*Task statement*
Take the material below and reproduce, word for word, only the lines from the line with "Dog harness with" through the line with "Women's Woman Leather".

*Records shown*
#####

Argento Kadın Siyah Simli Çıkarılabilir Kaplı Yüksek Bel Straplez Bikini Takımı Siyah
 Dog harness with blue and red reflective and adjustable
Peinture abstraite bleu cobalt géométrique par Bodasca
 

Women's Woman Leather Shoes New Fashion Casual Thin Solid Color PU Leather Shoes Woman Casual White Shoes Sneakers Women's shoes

#####

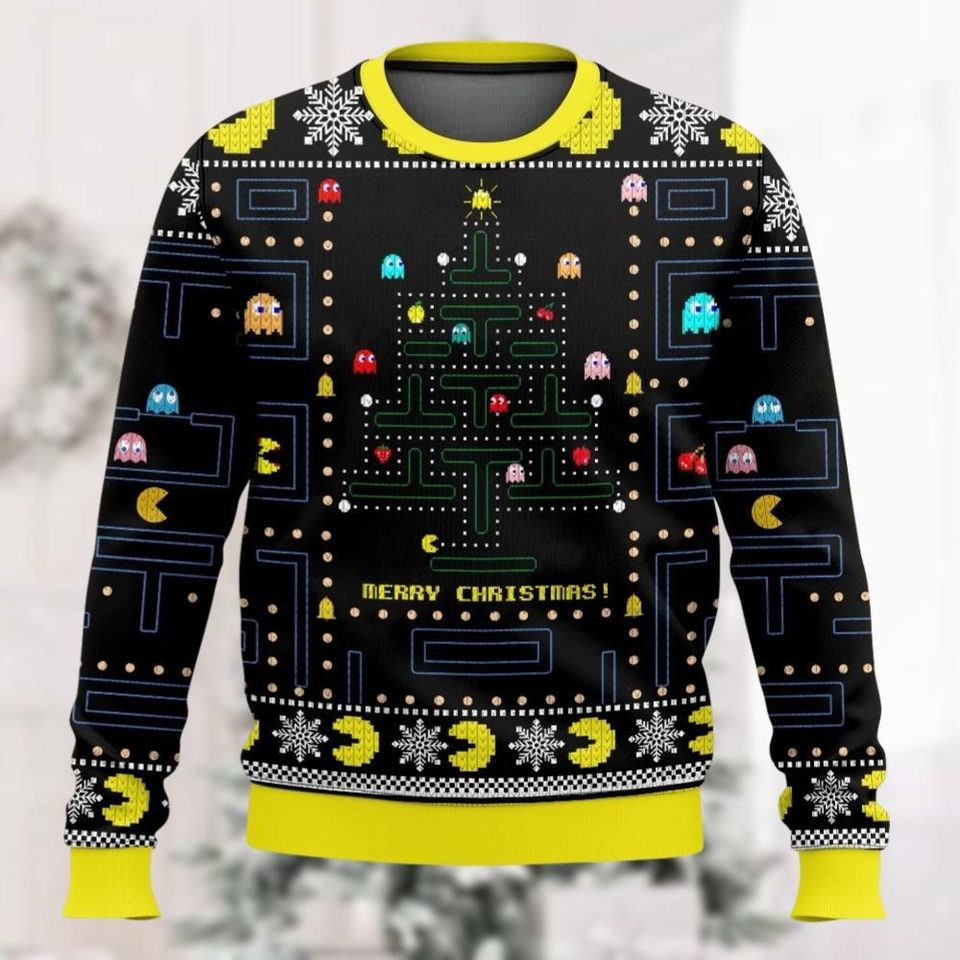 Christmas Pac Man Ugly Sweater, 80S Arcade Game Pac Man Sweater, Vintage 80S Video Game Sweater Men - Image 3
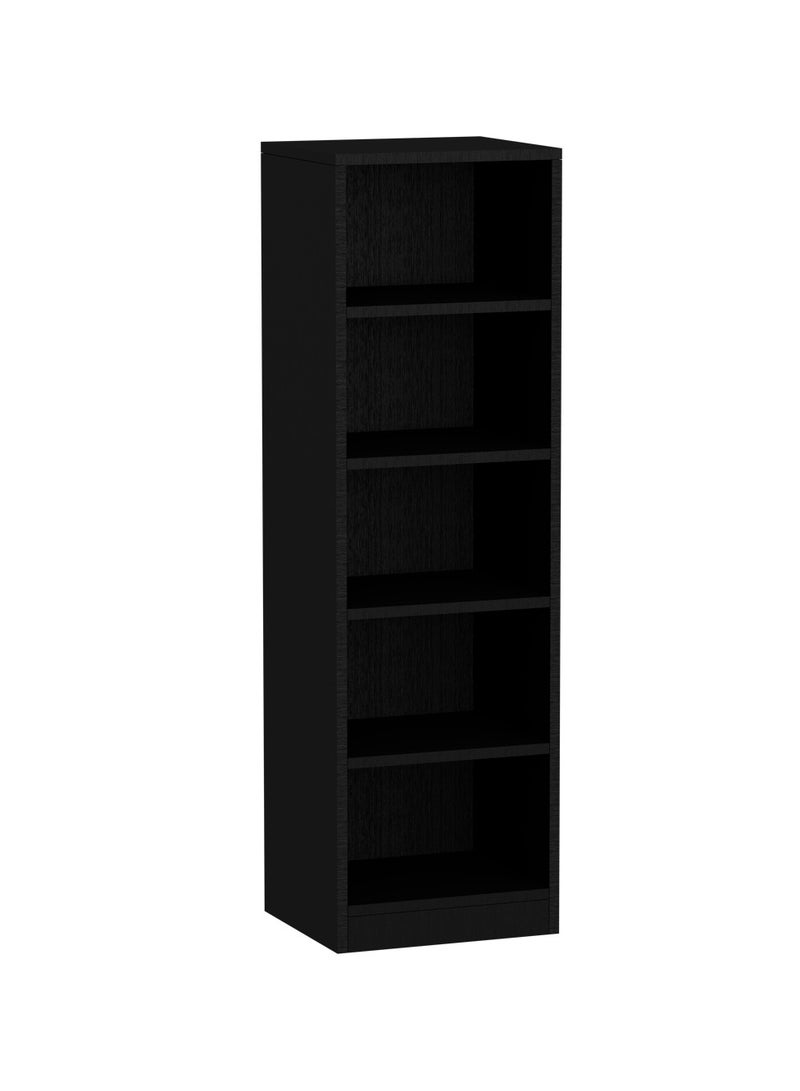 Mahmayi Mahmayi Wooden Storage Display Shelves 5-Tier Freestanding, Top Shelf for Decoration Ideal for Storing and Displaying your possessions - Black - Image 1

#####

*Result for this task*
 Dog harness with blue and red reflective and adjustable
Peinture abstraite bleu cobalt géométrique par Bodasca
 

Women's Woman Leather Shoes New Fashion Casual Thin Solid Color PU Leather Shoes Woman Casual White Shoes Sneakers Women's shoes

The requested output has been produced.